A vueltas con la infancia, estos días pasados ando rumiando recuerdos. Lo más poderoso es el asombro ante esa especie de nostalgia orgullosa que experimentan los jóvenes que disfrutaron su infancia en los ochenta. No es una nostalgia de orden político sino sentimental, aquella en la que se suceden, como en una noria, las tardes de La bola de cristal, las mañanas de Bola de dragón, Oliver y también Benji, los magos del balón, David el Gnomo, que es siete veces más fuerte que tú, Pesadillas, Manolito, la sin par Matilda, el ritmo contagioso de las Spice Girls, las letras brutales de Extremoduro impresas en camisetas, “Iros todos a tomar por culo”, en la retadora adolescencia incipiente. Y de fondo, siempre, esas madres de los ochenta a las que hoy la leyenda tilda de negligentes, despreocupadas, poco duchas en la alimentación equilibrada, expertas en improvisación.
Las veo, me estoy viendo, esperando a la criatura en la puerta de la escuela infantil con el Fortuna en la mano, pioneras de la gran década de los divorcios, poseedoras de una mirada estrábica que permitía tener un ojo vigilando el niño y otro hacia la misma vida, atentas a no perderse el momento en que pasara por delante “su tal para cual”, como cantaba Santiago Auserón. Seríamos un desastre, lo éramos, pero estos niños que criamos sin manuales de crianza ni brújula pedagógica nos echan de menos o se echan de menos a sí mismos o añoran esos años más despreocupados. Atrás habíamos dejado la educación autoritaria, aquella en que los padres siempre tenían la última palabra, algo que de ninguna manera queríamos repetir, y por tanto inaugurábamos una era inédita en la que las tardes de los viernes se acababa tomando cañas en una terraza mientras se hacía de noche y nos llevábamos a los niños derrotados a casa. Fue, sin duda, un momento único.
Aún no esperábamos que nuestros niños fueran genios o superdotados, tal vez fuera porque no pensábamos en el futuro, o porque jamás se nos hubiera pasado por la cabeza que debíamos prepararlos ya desde la guardería para el mundo del trabajo. Los niños carecían de esa asfixiante agenda actual que los iguala a los ejecutivos; los juegos en el parque sustituían a las clases de chino, inglés, esgrima, piano, ajedrez, informática, gimnasia rítmica. Siempre hubo excepciones, pero en general aún se entendía la infancia como ese momento de la vida en que uno sale del colegio para no hacer nada. “¡Eh, eh —advertía Pippi a la maestra— que yo he venido aquí por las vacaciones!”. Esa fantástica réplica creada por la gran Astrid Lindgren seguía aún imponiéndose a la vanidad delegada de los padres.

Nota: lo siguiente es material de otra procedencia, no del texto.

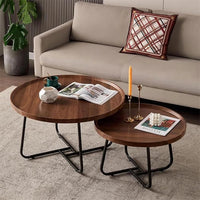 Ensemble de 2 tables basses gigognes Garvee rondes avec pieds antidérapants pour salon et bureau, 71 x 46 cm et 51 x 38 cm, marron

Confieso que yo también me siento afortunada de haber sido madre entonces, más bien aliviada por no haberme tenido que enfrentar a la adicción a las pantallas, a la poderosa marea de desinformación que les escupen las redes sociales y que instruye al 60% de los adolescentes (nostalgia la mía por El Pequeño País) o a que los niños sean iniciados en el sexo con vídeos cargados de violencia y misoginia. Puede sonar pesimista el panorama, pero esta es una alarma que debería saltar a diario en el móvil de los progenitores. La infancia necesita sosiego, vivir libre del estrés del presente, tiene derecho a disfrutar de un tiempo sin tiempo, a alimentar su imaginación con el juego o el mero aburrimiento. Siempre regreso a las notas que sobre educación nos dejó Natalia Ginzburg, hoy más esclarecedoras que nunca: “Por lo que respecta a la educación de los hijos, creo que no hay que enseñarles las pequeñas virtudes sino las grandes. No el ahorro, sino la generosidad y la indiferencia hacia el dinero; no la prudencia, sino el coraje y el desprecio por el peligro; no la astucia, sino la franqueza y el amor por la verdad; no la diplomacia, sino el amor al prójimo y la abnegación; no el deseo del éxito, sino el deseo de ser y de saber”. De ser y de saber.